4 thoughts on “Ghostbusters (Extended Cut, 2016)

  1. The problem with this movie in the end is that if you don’t enjoy their improv comedy that permeates so much of it….you realise exactly how many problems this thing has a movie. Three stand out to me as good examples of its problems. The scene with the dragon ghost where it lands on Jones shoulders and she starts walking off is if I remember correctly almost a direct copy of a Scooby Doo scene…but even if I’m wrong about that…the entire scene feels like a Scooby parody to include the celebrity guest star even! Not bad if you want Scooby Doo but I’m thinking thats not what they were trying for (Though honestly it wouldn’t surprise me if that IS what they were trying for with the entire film.) The second thing is when they have their office meeting with the Mayor they show outside chair being brought in and intially I grinned a bit because I though I saw what they were gonna do ( I was right…kinda) I though “Oh ho they are gonna use short chairs to make the Mayor seem like he’s talking down to them and they had them show the chairs being brought in so they could establish that he’s using them specifically to make him loom abit from a position fo…wait why are all the non-ghostbusters standing?” Basically they took a chance for some subtle filmaking and made it so glaringly and stupidly obvious that you spent most of the time wondering WHY IS THE MAYOR STANDING BEHIND HIS OWN DESK. the DHS and his Assistant sure…but him? it just looked silly. And my final one is have you noticed it seems to all feel like its taking place in one maybe two days….I don’t mean literally since it had to be taking place over some longer period of time….but that there is only one (possible) scene where they establish nighttime before the final fight. And that one scene I’m not really sure of since it was implied for sure but I never saw a window soooo it could have been maybe it was just dark in the room? Its just a bludgeon of joke after joke after joke and maybe we’ll talk about a plot point long enough so that you know it exists but ok back to dem jokes folks that it really feels like the only reason its however long it is is because they are padding it with all these damn bad jokes ab….sorry rambling now. I think it was said best (don’t remember by whom) this is a movie that fails to movie.

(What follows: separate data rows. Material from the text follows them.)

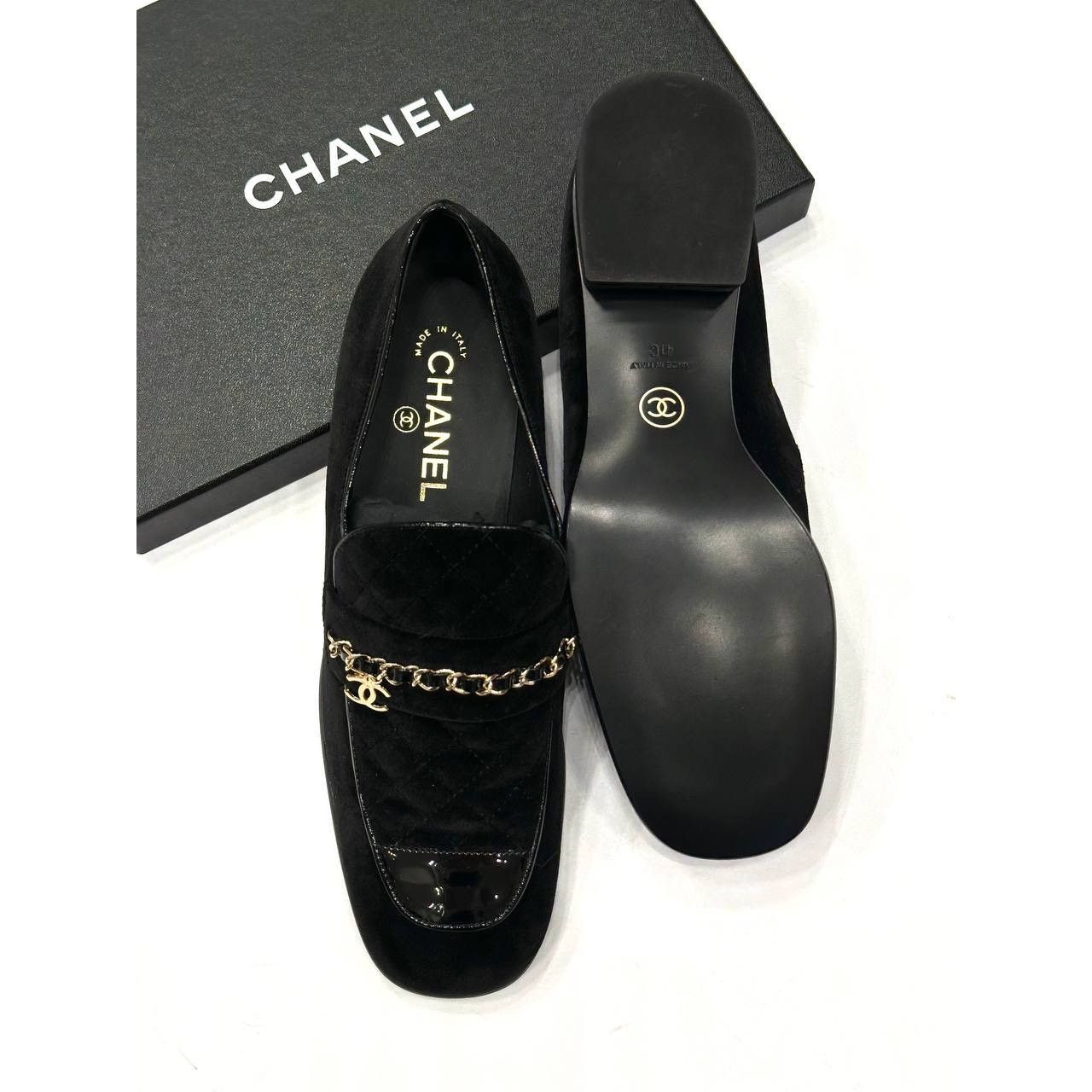 Chanel NWOB Chanel Black Suede Loafers Sz.41 Size US 11 / IT 41 - 3 Thumbnail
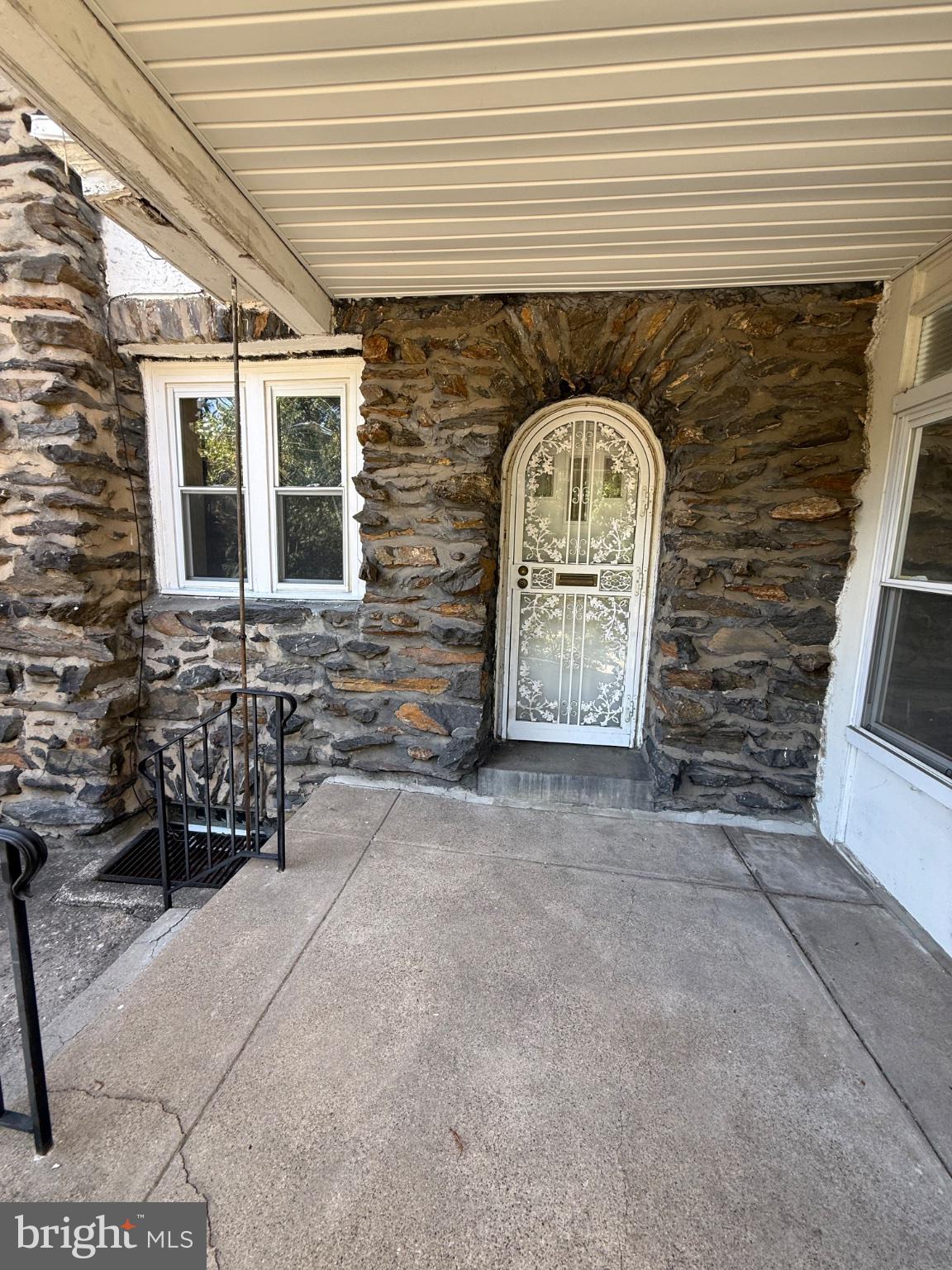 371 E CLIVEDEN STREET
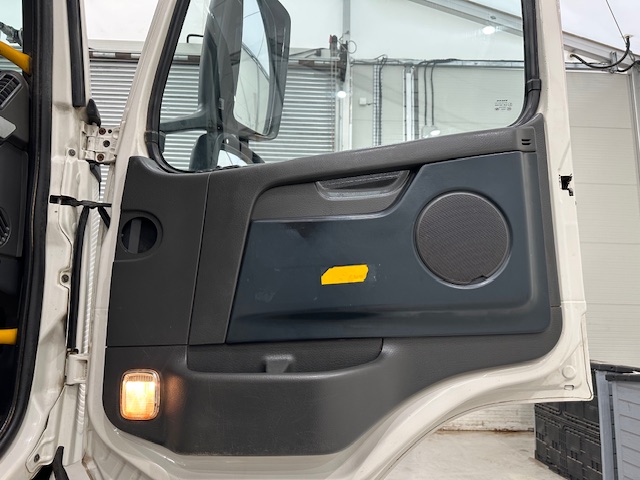 Volvo FM 370 8×4 Steel Tipper Grab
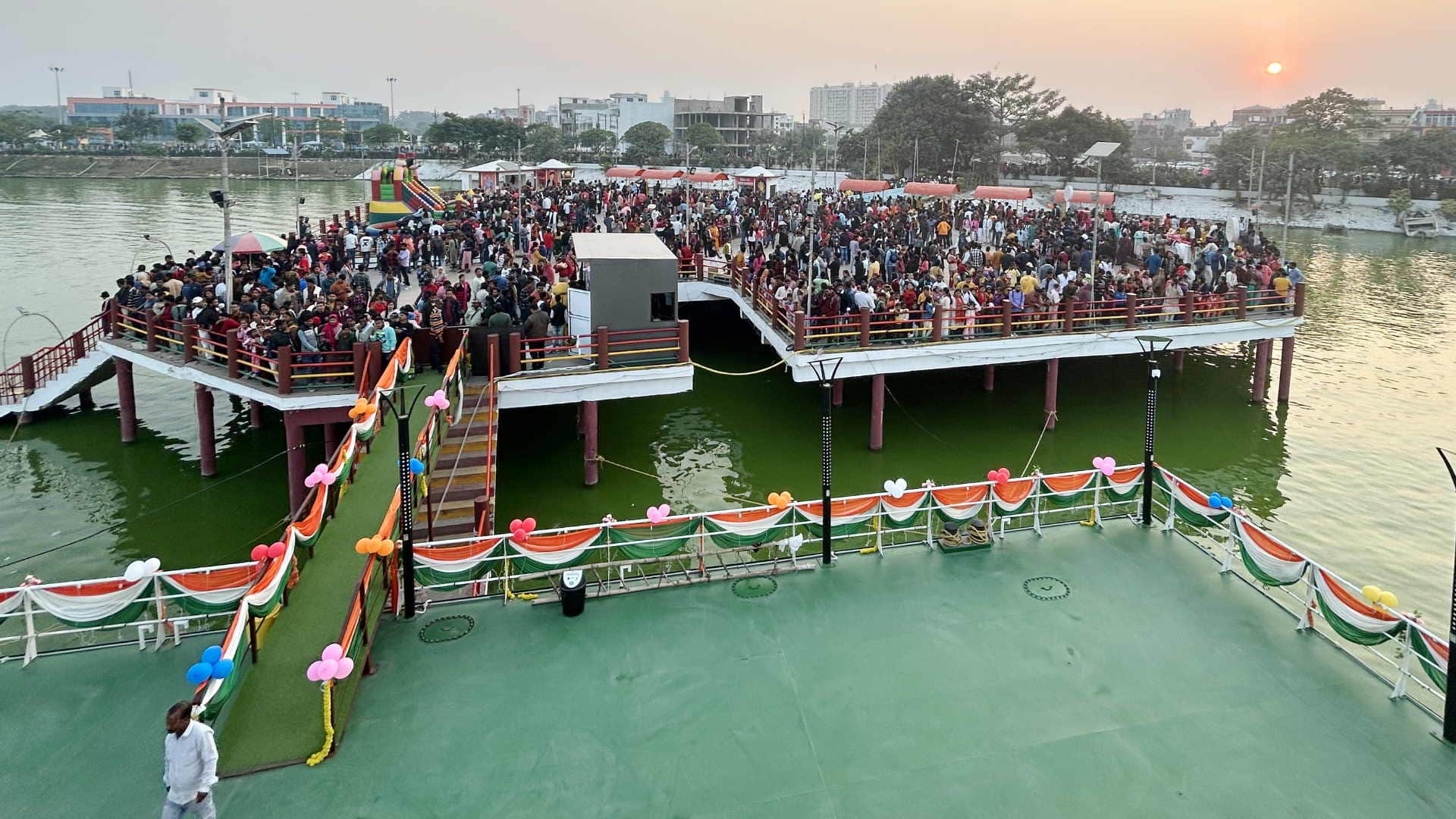 Celebrated Christmas by going on a cruise, crowd of tourists gathered on boating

    • I forced myself to actually watch this, rather than cheat by looking at social media (or reading a book, heh) just to get through it, and even so, I think you were far more attentive than I. Like, I’ve already forgotten the dragon scene you mention, but I’d concur that the whole thing felt like the Scooby-Doo movie (which, by contrast, was a movie that exceeded low expectations).

      But if I recall the Mayor scene, I remember thinking, this is an attempt to recreate the scene in the original where the boys confront the mayor with “dogs and cats, living together!” And…yeah, there’s no there there.

      Finally, yes, you’re absolutely right about the movie seeming compressed in time. It’s weird, now that you bring it up because the movie tries to be more “epic” than the original, with backstories and what-not, but in the original you have a real (however goofy) sense of a bunch of guys starting a small business, struggling, finding success, failing, and ultimately succeeding.

      The sequel, too, really gave a sense of time having passed with depth.